Pockie Pirates to przeglądarkowa gra 2D MMORPG typu side-scrolling i obdarzona iście animowaną grafiką. Gracze wcielają się w rolę młodego pirata, który pragnie rozsławić swoje imię i przemierza wszystkie morza w poszukiwaniu tzw. One Piece. Piraci uczą się umiejętności, aby zwiększyć swoją siłę, zdobywać prestiż no i oczywiście srebro. Gracze muszą zrekrutować własną załogę, ulepszać swój statek, handlować z innymi piratami i starać się przy tym wszystkim znaleźć czas, aby wykonywać oddane nam zadania. Questów będzie naprawdę wiele jak choćby poszukiwania ukrytych skarbów na morzu, będziemy mogli łowić, a także wykonywać wiele innych niepozwalających na nudę czynności.
Piraci rodem z kreskówek
Na pierwszy rzut oka gra Pockie Pirates naprawdę świetnie wygląda, grafika jest dość dobra, ale jak grałem to często padałem ofiarą licznych lagów, ale gdzie ich teraz nie ma? Podczas startu znajdziecie kilka ciekawych opcji przy dostosowywaniu postaci, naszego sprzętu i statku wojennego. To wszystko jednak kosztuje, albo punkty prestiżu albo parę sztuk srebra jeśli chcemy później co nieco ulepszyć. Grafika została wykonana w stylu anime i tak naprawdę póki nie zapłacimy prawdziwej kasy to nie można w jakiś normalnie wyglądający sposób stworzyć swojego awatara. Animacje ruchów podczas wykańczania np. danego ciosu są niesamowite (przynajmniej dla głównego bohatera), ale i tutaj mamy możliwość dostosowania stylu ruchów/poruszania się naszej postaci. W istocie podczas pierwszych kilku poziomów mamy faktycznie co robić, choć może nie kontrolujemy jeszcze wszystkiego, ale nawet wtedy walka wydaje się ciekawa. Po chwili jednak okazuje się, że nasza zdolność do walki jest naprawdę ograniczona w całej fabule, mamy początkowo 100 punktów do wykorzystania podczas różnego rodzaju działań. Owe punkty odnawiają się, ale strasznie powoli, jeden punkt na 30 minut, więc nasz ból może okazać się dość spory jeśli planujemy pograć nieco dłużej, a tu okazuje się, że brakuje nam już punktów.
Gameplay w Pockie Pirates
Cały gameplay w Pockie Pirates składa się przeważnie z ciągłej bieganiny, rozmów z NPC i wykonywania coraz to liczniejszych zadań. Questy to głównie polowania, a następnie powrót do konkretnego NPC, od którego otrzymaliśmy dane zadanie. Nie liczcie na dużą różnorodność misji, są dość ograniczone i głównie mamy aktywnych jednocześnie do dwóch zadań, a w bocznej linii questów nie ma co liczyć na większy wybór. Stała walka w grze jest monotonna, a wszystko przez to, że nie mamy bezpośredniej kontroli nad nią, nie możemy kierować swoją drużyną itp. Wielu rzeczy w grze trzeba się również domyślać, gdyż już samo tłumaczenie pozostawia wiele do życzenia. System awansu i ulepszania zarówno dla postaci jak i ekwipunku jest nawet interesujący i tematycznie powiązany z całością rozgrywki, ale nie jest aż tak intrygujący, aby nadrobić irytujący system auto-play.

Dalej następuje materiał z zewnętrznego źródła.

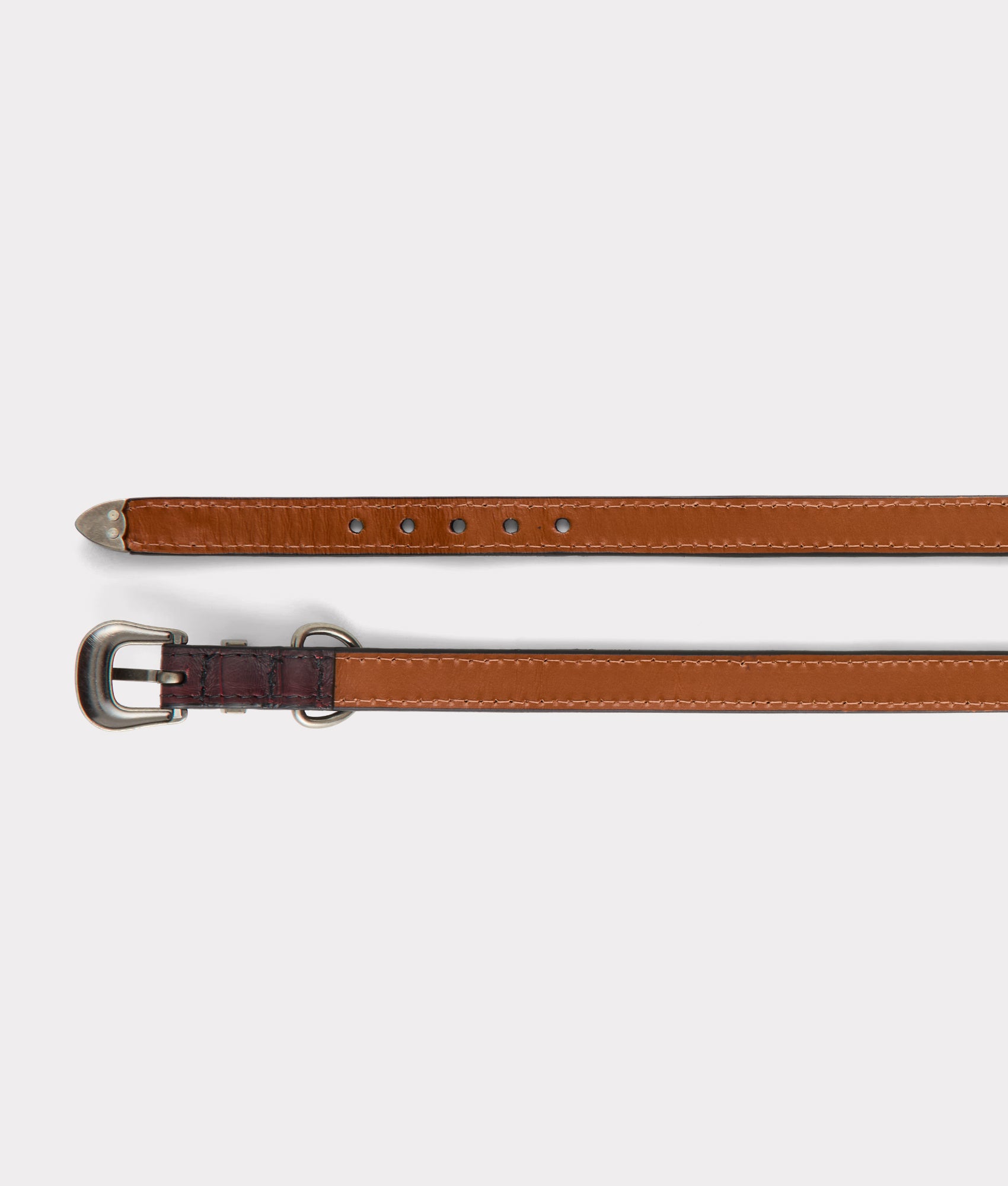 Exotic Dog Collar :: Black Cherry - Image 12
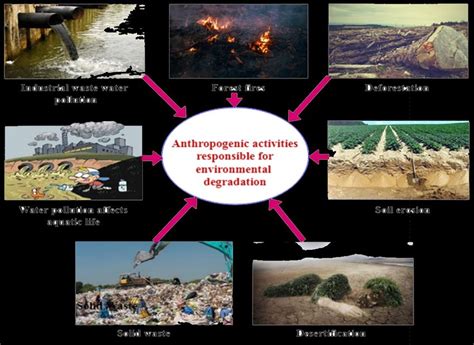 Environmental Degradation By Different Activities Download Scientific Diagram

Jeśli w grze Pockie Pirates uda nam się wyjść cało z potyczki to zostaje nam przydzielona nagroda w postaci gwiazdek, maksymalnie możemy ich zdobyć trzy. Rozgrywka oferuje nam również codzienne aktywności, walki na arenach, premie do codziennych zadań i poszukiwania podmorskich skarbów. Jednak najbardziej mnie dziwi to, że nie znalazłem tutaj nic co odnosiłoby się do oczywistego przeznaczenia gry, piraci, walki morskie itp., są tutaj tylko nazwą, chwytem reklamowym, a w rzeczywistości dostajemy ładnie zapakowany produkt, który łyknęliśmy przy najbliższej reklamie.
Podsumowanie recenzji
Ostatecznie dla mało wymagających graczy Pockie Pirates może wydać się niezwykle atrakcyjną propozycją, a ci kochający anime na pewno muszą tutaj zajrzeć bo jak dla mnie tylko grafika tutaj przeważa szalę przy podejmowaniu decyzji w stylu: grać czy nie grać. Osobiście nie znalazłem dla mnie tutaj nic ciekawego, baa innowacji się nie spodziewajcie ot taka kolejna gra dla mas, nie dla ludzi.